Managed lanes in the short term won’t affect average vehicle speeds, Mr. Ungemah said. But over the medium and long-term, he said, they work better than general purpose lanes.

With general lanes, as traffic grows, congestion builds and eventually returns to all lanes, and any benefits from new capacity diminish, he said. Congestion won’t return to managed lanes, though. Instead, pricing helps ensure reliable travel times in travel lanes. And toll lanes ultimately will serve more vehicles at higher speeds, he said.

The formula could ease congestion, but it also won’t guarantee that everyone can get to and from Charlotte faster. Think of it as another way to get to work – a separate facility built to handle another group of commuters – those willing to carpool or pay.

Amid opposition to tolls, Cornelius commissioners voted last month vote to ask the Lake Norman Transportation Commission to study alternatives.

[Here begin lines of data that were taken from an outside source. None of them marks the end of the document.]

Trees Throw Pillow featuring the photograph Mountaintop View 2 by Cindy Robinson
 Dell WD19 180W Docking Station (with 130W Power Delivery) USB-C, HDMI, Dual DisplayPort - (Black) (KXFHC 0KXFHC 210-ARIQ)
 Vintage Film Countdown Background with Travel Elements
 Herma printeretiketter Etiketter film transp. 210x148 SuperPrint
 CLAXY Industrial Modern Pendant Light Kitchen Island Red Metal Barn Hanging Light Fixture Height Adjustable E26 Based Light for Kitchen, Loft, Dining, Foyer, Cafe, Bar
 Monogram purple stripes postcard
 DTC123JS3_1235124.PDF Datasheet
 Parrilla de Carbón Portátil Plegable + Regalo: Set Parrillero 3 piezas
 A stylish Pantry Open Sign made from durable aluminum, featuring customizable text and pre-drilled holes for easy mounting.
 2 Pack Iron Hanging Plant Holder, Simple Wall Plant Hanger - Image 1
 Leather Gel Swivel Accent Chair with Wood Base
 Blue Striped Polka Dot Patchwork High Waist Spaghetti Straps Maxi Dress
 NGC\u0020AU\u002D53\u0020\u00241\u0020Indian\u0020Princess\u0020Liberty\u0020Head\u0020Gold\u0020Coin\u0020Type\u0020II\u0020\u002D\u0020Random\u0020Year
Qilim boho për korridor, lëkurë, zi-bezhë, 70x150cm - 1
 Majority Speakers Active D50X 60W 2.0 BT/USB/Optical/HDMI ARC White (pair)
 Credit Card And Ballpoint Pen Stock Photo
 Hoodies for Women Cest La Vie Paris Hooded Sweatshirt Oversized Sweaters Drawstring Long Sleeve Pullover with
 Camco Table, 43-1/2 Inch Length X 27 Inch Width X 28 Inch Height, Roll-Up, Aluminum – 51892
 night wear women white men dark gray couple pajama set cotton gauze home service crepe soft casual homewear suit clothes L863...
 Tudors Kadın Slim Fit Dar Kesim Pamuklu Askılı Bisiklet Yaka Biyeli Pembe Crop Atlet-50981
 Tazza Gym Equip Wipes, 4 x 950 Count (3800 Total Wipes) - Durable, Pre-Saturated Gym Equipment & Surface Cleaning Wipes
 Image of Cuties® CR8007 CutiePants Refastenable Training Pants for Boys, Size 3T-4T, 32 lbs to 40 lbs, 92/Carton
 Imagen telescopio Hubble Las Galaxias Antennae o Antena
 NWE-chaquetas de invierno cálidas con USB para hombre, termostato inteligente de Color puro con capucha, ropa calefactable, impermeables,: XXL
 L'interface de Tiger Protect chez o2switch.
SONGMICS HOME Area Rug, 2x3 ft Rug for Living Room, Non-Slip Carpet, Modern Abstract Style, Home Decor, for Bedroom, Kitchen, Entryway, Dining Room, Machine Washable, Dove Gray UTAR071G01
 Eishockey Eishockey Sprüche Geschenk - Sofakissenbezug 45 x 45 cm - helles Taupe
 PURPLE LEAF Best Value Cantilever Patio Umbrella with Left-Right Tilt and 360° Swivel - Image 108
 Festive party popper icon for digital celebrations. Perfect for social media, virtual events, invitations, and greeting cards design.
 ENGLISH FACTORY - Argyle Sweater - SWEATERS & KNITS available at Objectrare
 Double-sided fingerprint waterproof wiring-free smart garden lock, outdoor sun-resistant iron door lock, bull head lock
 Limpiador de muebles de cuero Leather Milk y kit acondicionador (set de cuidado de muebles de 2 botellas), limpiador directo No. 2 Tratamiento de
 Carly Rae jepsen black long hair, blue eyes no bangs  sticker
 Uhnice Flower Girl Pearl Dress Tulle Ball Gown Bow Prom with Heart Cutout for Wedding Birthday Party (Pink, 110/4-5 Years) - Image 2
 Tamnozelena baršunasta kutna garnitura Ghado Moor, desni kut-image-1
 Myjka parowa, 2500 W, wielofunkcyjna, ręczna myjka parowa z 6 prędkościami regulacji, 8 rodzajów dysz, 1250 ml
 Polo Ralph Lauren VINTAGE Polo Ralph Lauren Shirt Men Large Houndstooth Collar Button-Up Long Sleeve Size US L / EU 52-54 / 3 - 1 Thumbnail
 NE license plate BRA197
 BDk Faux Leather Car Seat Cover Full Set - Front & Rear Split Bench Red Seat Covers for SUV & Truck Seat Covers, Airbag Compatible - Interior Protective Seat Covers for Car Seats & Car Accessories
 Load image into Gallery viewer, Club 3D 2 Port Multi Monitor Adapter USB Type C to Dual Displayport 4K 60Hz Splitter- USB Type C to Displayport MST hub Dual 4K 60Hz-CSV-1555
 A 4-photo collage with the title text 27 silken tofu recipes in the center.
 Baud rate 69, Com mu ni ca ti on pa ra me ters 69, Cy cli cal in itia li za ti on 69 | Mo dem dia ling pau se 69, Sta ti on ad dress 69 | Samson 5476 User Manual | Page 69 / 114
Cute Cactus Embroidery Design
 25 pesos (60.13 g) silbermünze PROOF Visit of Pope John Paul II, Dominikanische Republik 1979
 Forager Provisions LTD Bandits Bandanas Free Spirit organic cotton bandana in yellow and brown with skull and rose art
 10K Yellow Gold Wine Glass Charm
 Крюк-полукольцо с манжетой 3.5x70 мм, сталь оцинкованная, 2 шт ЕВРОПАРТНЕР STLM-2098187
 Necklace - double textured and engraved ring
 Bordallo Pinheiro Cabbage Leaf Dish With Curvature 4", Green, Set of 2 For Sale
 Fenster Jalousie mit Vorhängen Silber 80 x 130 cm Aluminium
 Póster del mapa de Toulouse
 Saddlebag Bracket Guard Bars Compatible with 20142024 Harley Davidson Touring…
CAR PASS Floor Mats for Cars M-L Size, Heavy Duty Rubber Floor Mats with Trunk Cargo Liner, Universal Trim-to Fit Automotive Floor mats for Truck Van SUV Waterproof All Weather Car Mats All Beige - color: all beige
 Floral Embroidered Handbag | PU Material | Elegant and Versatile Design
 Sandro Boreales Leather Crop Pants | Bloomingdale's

The towns of Cornelius, Davidson, Huntersville and Mooresville formed the commission a few years ago to lobby on their behalf on transportation issues. I-77 widening is not very high on the region’s construction priority list, and probably can’t be funded for 20 years, officials have said. So in 2010, the commission endorsed the idea of managed lanes as the best way to address congestion sooner.

By incorporating tolls and working with a private partner, the project was able to qualify for additional federal funds that require those tactics. That moved it up the state’s priority list for construction. The state has said it hopes to pick a private partner this summer.

State and local officials are referring to the arrangement as a public-private partnership, or P3. Mr. Ungemah said only two toll-lane projects nationwide so far have started as P3 projects, and one – State Road 91 in Orange County, Calif. – has since converted to public ownership. State officials “bought back” the project from its private operator because of a disadvantageous clause in the contract that prevented the state from improving any other transportation facilities nearby in the corridor.

In other words, anything that could reduced demand for the managed lanes was off limits.

That’s one of the issues opponents of I-77 HOT lanes have raised. But Mr. Ungemah said that sort of clause is no longer included in P3 contracts.


Plans for the P3 are also being re-examined. The transportation commission plans another meeting for public officials on March 13, at a time and place to be announced, to talk with an expert on P3.